Does anyone know a reputable tax advisor in Barcelona? I need specific advice on tax residency laws in Spain-Note I am a British Expat. I have spoken to several firms who have either told me that they couldn't deal with my specific case or they want to charge me consultation fees in excess of €100 (mainly the local firms), which makes me feel like they want to rip me off. Some cheeky ****** just said that it would cost them €350 euros to 'offer this kind of advice'. 

Or... 

Do any of the online advisory services come with high ratings?

Please help!


----------



## goingtobcn (Sep 9, 2012)

WilliamS2013 said:


> Hey guys,
> 
> Does anyone know a reputable tax advisor in Barcelona? I need specific advice on tax residency laws in Spain-Note I am a British Expat. I have spoken to several firms who have either told me that they couldn't deal with my specific case or they want to charge me consultation fees in excess of €100 (mainly the local firms), which makes me feel like they want to rip me off. Some cheeky ****** just said that it would cost them €350 euros to 'offer this kind of advice'.
> 
> ...


Hi William,

I'm registered as autonomo here in BCN and use INTASGES, Inicio, and there's a section in English on tax here Tax

Obviously I use them for different reasons than those you're looking for, but they're very helpful and speak very good English. I don't know what they'd charge (or if you've already asked them!) but hope it helps


----------



## xabiaxica (Jun 23, 2009)

WilliamS2013 said:


> Hey guys,
> 
> Does anyone know a reputable tax advisor in Barcelona? I need specific advice on tax residency laws in Spain-Note I am a British Expat. I have spoken to several firms who have either told me that they couldn't deal with my specific case or they want to charge me consultation fees in excess of €100 (mainly the local firms), which makes me feel like they want to rip me off. Some cheeky ****** just said that it would cost them €350 euros to 'offer this kind of advice'.
> 
> ...


I think you've already had this link - the info on the site is pretty comprehensive & up to date Spanish law tax and more | Spain lawyers accountants in English | ADVOCO

I have heard that they aren't taking on any new clients atm - but as I say, I'd be surprised if you can't find the answer to your questions there


----------



## WilliamS2013 (Apr 1, 2013)

Thank you guys,

I will check out INTSTAGES. Unfortunately I have looked everywhere for an answer to my question (including the ADVOCO site) and I cant really get a clear answer. I want to find out if I am a tax resident in Spain. I have lived here less than 2 months but I work on a permanent contract. There is a clause in Spanish law which says that if Spain becomes your center of financial interests you can be deemed a tax resident before spending 183 days here. Unfortunately they do not explain it in any more detail.


----------



## CapnBilly (Jun 7, 2011)

WilliamS2013 said:


> Thank you guys,
> 
> I will check out INTSTAGES. Unfortunately I have looked everywhere for an answer to my question (including the ADVOCO site) and I cant really get a clear answer. I want to find out if I am a tax resident in Spain. I have lived here less than 2 months but I work on a permanent contract. There is a clause in Spanish law which says that if Spain becomes your center of financial interests you can be deemed a tax resident before spending 183 days here. Unfortunately they do not explain it in any more detail.

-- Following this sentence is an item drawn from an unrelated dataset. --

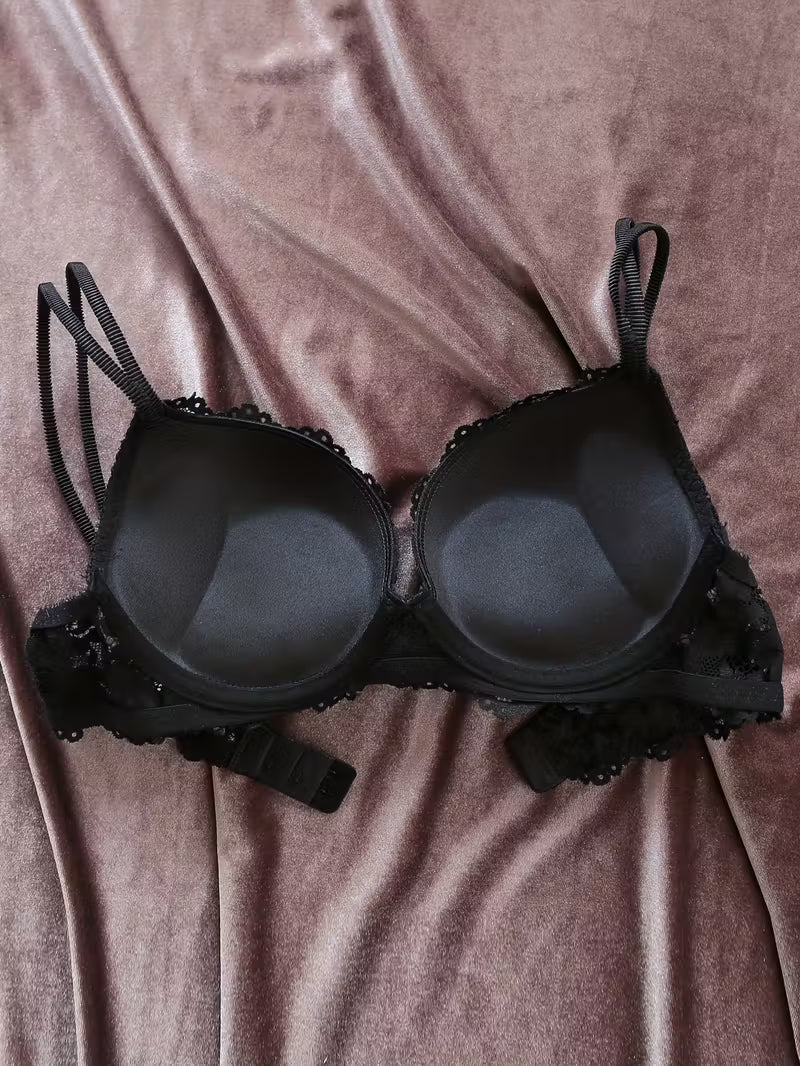 Classic Full-Cup Lace Bras.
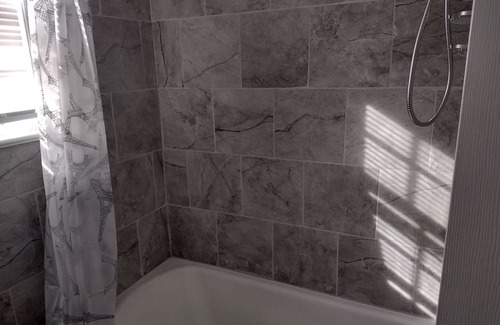 Arlington Haus | The "Cottage at Blueberry Ridge"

I think this (in red) answers your question


Fiscal Residence : If an individual is in Spain for over 183 Days in any Fiscal Year (This correlates with the Calendar Year in Spain) he or she will be automatically deemed resident in Spain for tax purposes. There can also be an automatic inference of tax residence on the basis that family members live in Spain (i.e. that children are in school), that one has the intention to permanently reside in Spain or, if a business has been established in Spain that it is the centre of economic interest. 

I think you would find it difficult to argue that you don't intend to permanently reside in Spain, if you have a contract of employment, and presumably somewhere to live. This also ties in with the need to register on the Registro de Extranjeros, which is after 90 days, or IF you intend to reside here permanently.


----------



## WilliamS2013 (Apr 1, 2013)

That is the issue. I definitely did not intend to permanently reside here- hence why I paid higher rent to get a 6 month house contract. Having said that I now realise that many of the things I have done do make it seem like it was my intention to move here permanently (e.g. the job). That is why I need specialist advice. My intention was to move to spain for 4 or 5 months and to apply for positions in the UK during this time. Now I find myself in this mess  which could cost me several thousand £££... Steep learning curve! By the way I am still on the look out for an advisor in Barcelona who is trustworthy! There must be some well known brits who have moved here and started their own advisory service? or a local firm who had a good track record? 

Cheers guys!


----------



## WilliamS2013 (Apr 1, 2013)

Has anyone heard of a firm called legaliaspain? Legal Assistance In Spain | Spanish Lawyer.


----------



## stevenp93 (Jul 29, 2014)

CapnBilly said:


> I think this (in red) answers your question
> 
> 
> Fiscal Residence : If an individual is in Spain for over 183 Days in any Fiscal Year (This correlates with the Calendar Year in Spain) he or she will be automatically deemed resident in Spain for tax purposes. There can also be an automatic inference of tax residence on the basis that family members live in Spain (i.e. that children are in school), that one has the intention to permanently reside in Spain or, if a business has been established in Spain that it is the centre of economic interest.
> ...


We're in a not dissimilar situation in that we will move to Spain in September this year, and therefore spend less than 183 days in Spain in 2014 - therefore not resident for 2014. However, we will have a child at school so might reasonably be expected to fall under the categorisation of our "centre of vital interests" being in Spain, and therefore are resident. However, we have also been told that the "centre of vital interests" category was introduced to combat fraud/evasion and since we do not come into this category, we will be classed as non-residents for 2014 ! 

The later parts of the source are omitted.